Convert two repeated values in array into a string-CodePudding

I have some old documents where a field has an array of two vales repeated, something like this:

          "task" : [
            "first_task",
            "first_task"
          ],

I'm trying to convert this array into a string because it's the same value. I've seen the following script: Convert array with 2 equal values to single value but in my case, this problem can't be fixed through logstash because it happens just with old documents stored.

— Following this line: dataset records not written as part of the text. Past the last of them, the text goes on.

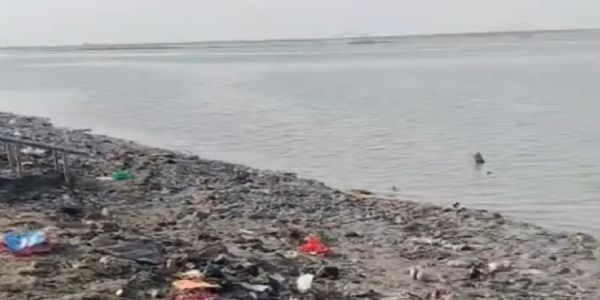भागलपुर दियारा में बाढ़ के बाद उभरी उम्मीद की नई जमीन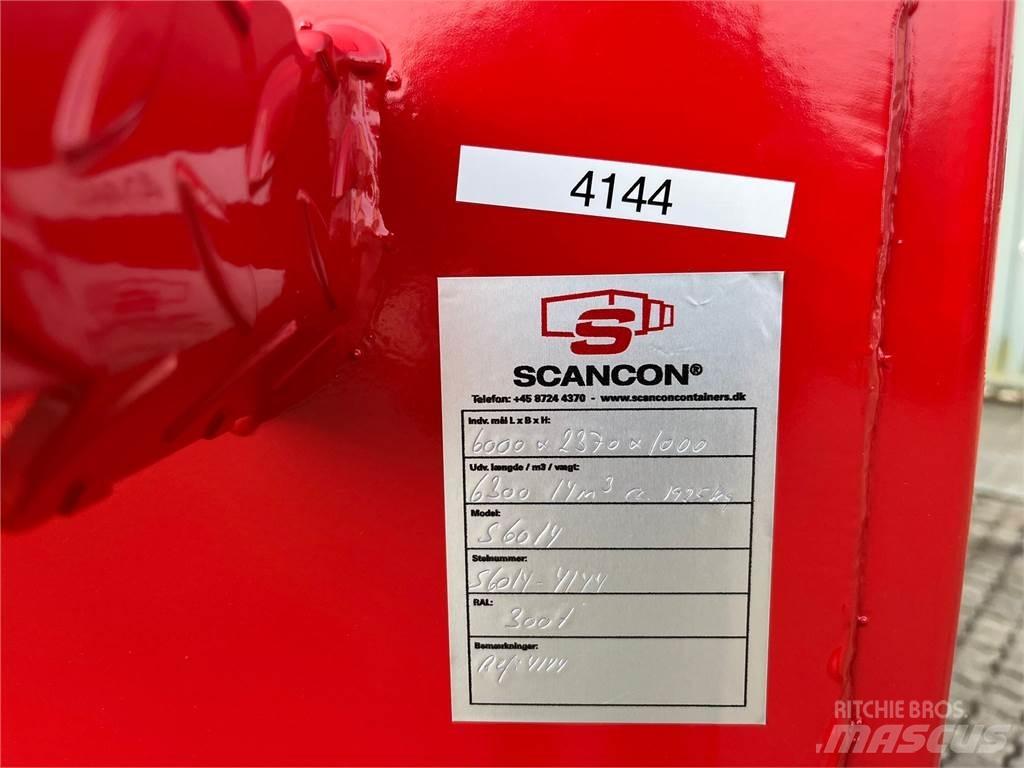  Scancon S6014 Platformas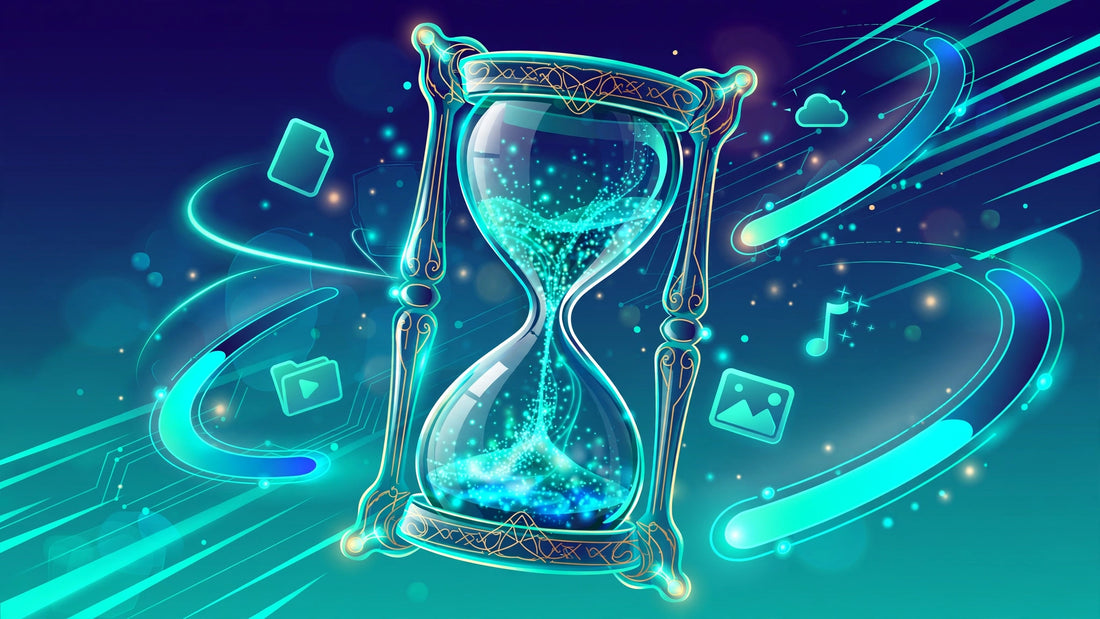 Download Time Estimator: Know Exactly How Long That File Takes ⏳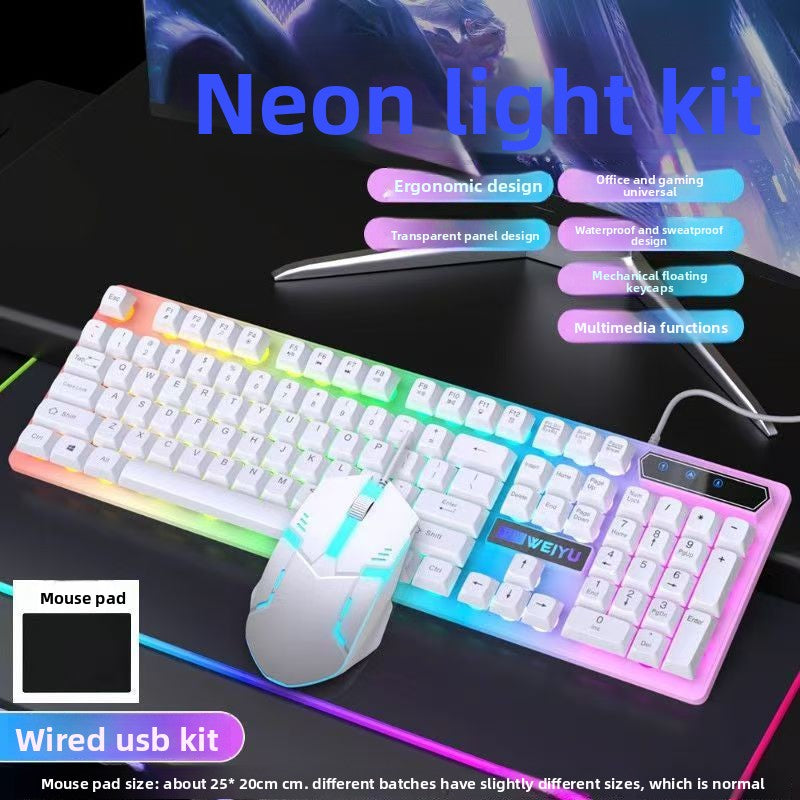 Wired Keyboard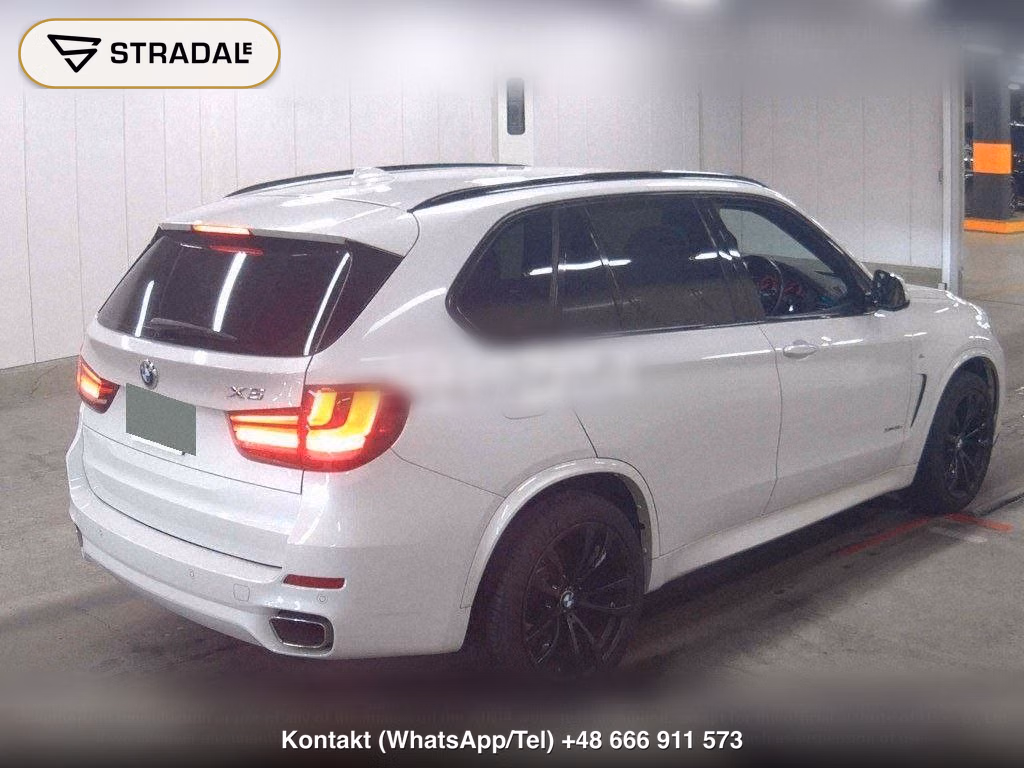 BMW X5 4WD XDRIVE 35D M-SPORT, miniaturka 6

I was thinking to do something like this:

POST _ingest/pipeline/_simulate
{
  "pipeline": {
    "processors": [
      {
        "script": {
          "description": "Change task field from array to first element of this one",
          "lang": "painless",
          "source": """
            if (ctx['task'][0] == ctx['task'][1]) {
                ctx['task'] = ctx['task'][0];
            }
          """
        }
      }
    ]
  },
  "docs": [
    {
        "_index" : "tasks",
        "_type" : "_doc",
        "_id" : "1",
        "_score" : 1.0,
        "_source" : {
          "@timestamp" : "2022-05-03T07:33:44.652Z",
          "task" : ["first_task", "first_task"]
        }
    }
  ]
}

The result document is the following:

{
  "docs" : [
    {
      "doc" : {
        "_index" : "tasks",
        "_type" : "_doc",
        "_id" : "1",
        "_source" : {
          "@timestamp" : "2022-05-03T07:33:44.652Z",
          "task" : "first_task"
        },
        "_ingest" : {
          "timestamp" : "2022-05-11T09:08:48.150815183Z"
        }
      }
    }
  ]
}

We can see the task field is reassigned and we have the first element of the array as a value.

Is there a way to manipulate actual data from Elasticsearch and convert all the documents with this characteristic using DSL queries?

Thanks.

CodePudding user response：

You can achieve this with _update_by_query endpoint. Here is an example:

POST tasks/_update_by_query
{
  "script": {
    "source": """
      if (ctx._source['task'][0] == ctx._source['task'][1]) {
          ctx._source['task'] = ctx._source['task'][0];
      }
    """,
    "lang": "painless"
  },
  "query": {
    "match_all": {}
  }
}

You can remove the match_all query if you want to update all documents or you can filter documents by chaning the conditions in the query.

Keep in mind that running a script to update all documents in the index may cause some performance issues while the update process is running.